Doch welchen Nutzen hat diese spezielle Form der Digitalisierung? Für die Antwort benötigt Stiebling nur ein Wort: Kosten. Ein Reifen habe einen großen Einfluss darauf, wie viel Sprit ein Lkw verbraucht. Wenn man alle relevanten Daten habe wie Reifendruck, Temperatur, Spritverbrauch oder die Route, die der Lkw nehme, könne man den optimalen Reifen auswählen - sogar für jede einzelne Lkw-Achse. Bei der richtigen Reifenwahl könne ein Spediteur fünf bis acht Prozent Dieselkosten einsparen. Je nachdem wie groß die Flotte sei und wie viele Kilometer sie fahre, könne das im Jahr Tausende Euro ausmachen.

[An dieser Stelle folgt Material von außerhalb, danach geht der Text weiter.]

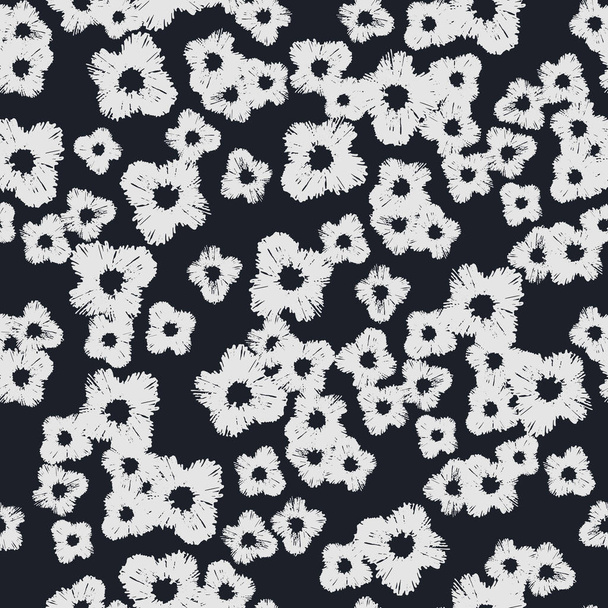 Naadloos patroon met met de hand getekende weide bloemen in Ditzy stijl. Omlijnde illustraties op donkere achtergrond voor oppervlakteontwerp en andere ontwerpprojecten - Vector, afbeelding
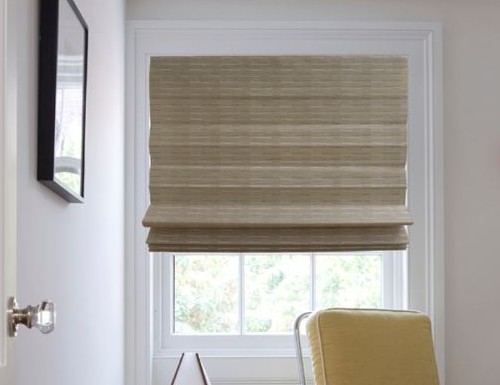 Cordless Natural Wicker Filtering Woven Shade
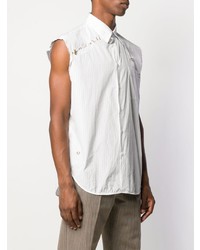 Chemise à manches courtes à rayures verticales blanche Marni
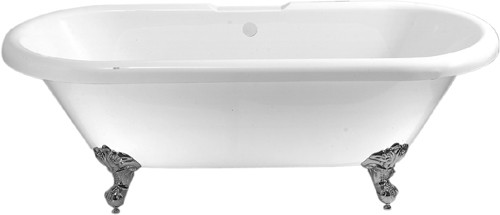 Larger image of Matrix Baths Windsor double ended roll top bath with claw feet. 1800mm.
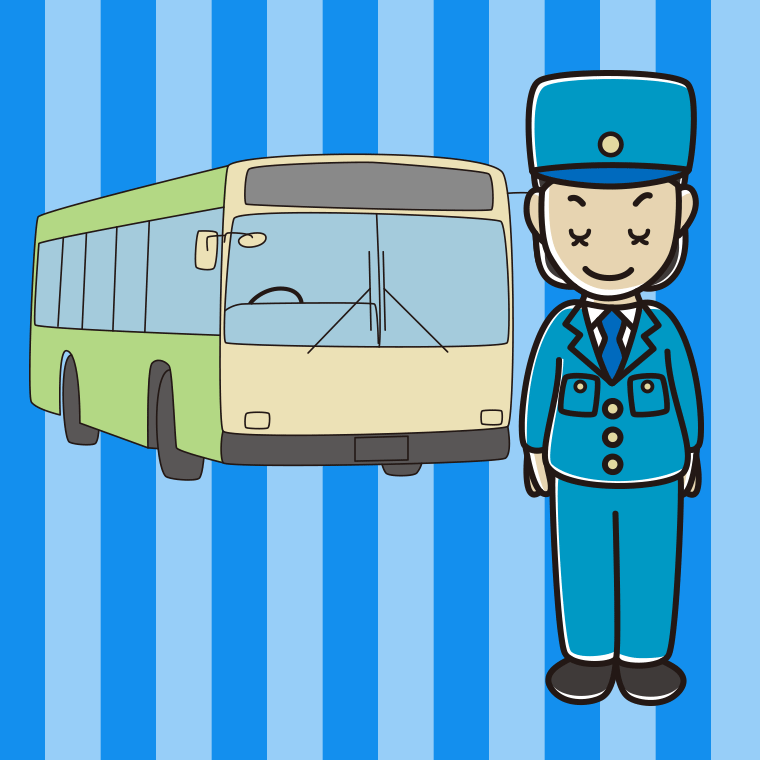 お辞儀する路線バス女性運転手のイラスト【色、背景あり】PNG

Dennoch empfiehlt Stiebling die Einführung dieser Software auch bei anderen Händlern. Denn je mehr mitmachten, desto besser werde die Datenbasis. „Das System wird immer besser, je mehr Händler es nutzen.“ Stiebling sieht gute Chancen, dass sich „Tire Task“ als Branchenstandard durchsetzt.

Betrieb des mobilen Reifenservice läuft inzwischen papierlos

Das Herner Unternehmen selbst nutzt die Digitalisierung für seinen mobilen Montageservice. Zettel und Stift sind dort seit einigen Monaten Vergangenheit, der komplette Betrieb läuft papierlos. Heute könne man auf dem Computerbildschirm sehen, wo welcher Montagewagen gerade unterwegs ist. Werde von einem Kunden eine Panne gemeldet, könne man über „Tire Task“ den Montagewagen finden, der am schnellsten vor Ort sein kann. Nun könne der Fahrer noch im Wagen auf dem Tablet sehen, welche Reifen auf welcher Achse auf den Pannenwagen montiert sind, und er könne sofort checken, ob dieser Reifen im Lager liegt. „Früher mussten immer erst per Telefon die Reifengrößen abgefragt werden, da konnten Fehler passieren, dann musste jemand ins Lager laufen und nachsehen“, beschreibt Stiebling die Vergangenheit. Auch die Ausfertigung der Rechnung geschehe quasi mit einem Tastendruck.

All dies steigere die Effizienz im Unternehmen, so Stiebling - und dies wolle er als Wettbewerbsvorteil nutzen. Denn gerade für die größeren Kunden und öffentliche Auftraggeber spiele Nachhaltigkeit eine immer größere Rolle - und wenn durch die Digitalisierung Treibstoff gespart werden könne, trage Stiebling dazu bei, dieses Ziel zu erreichen.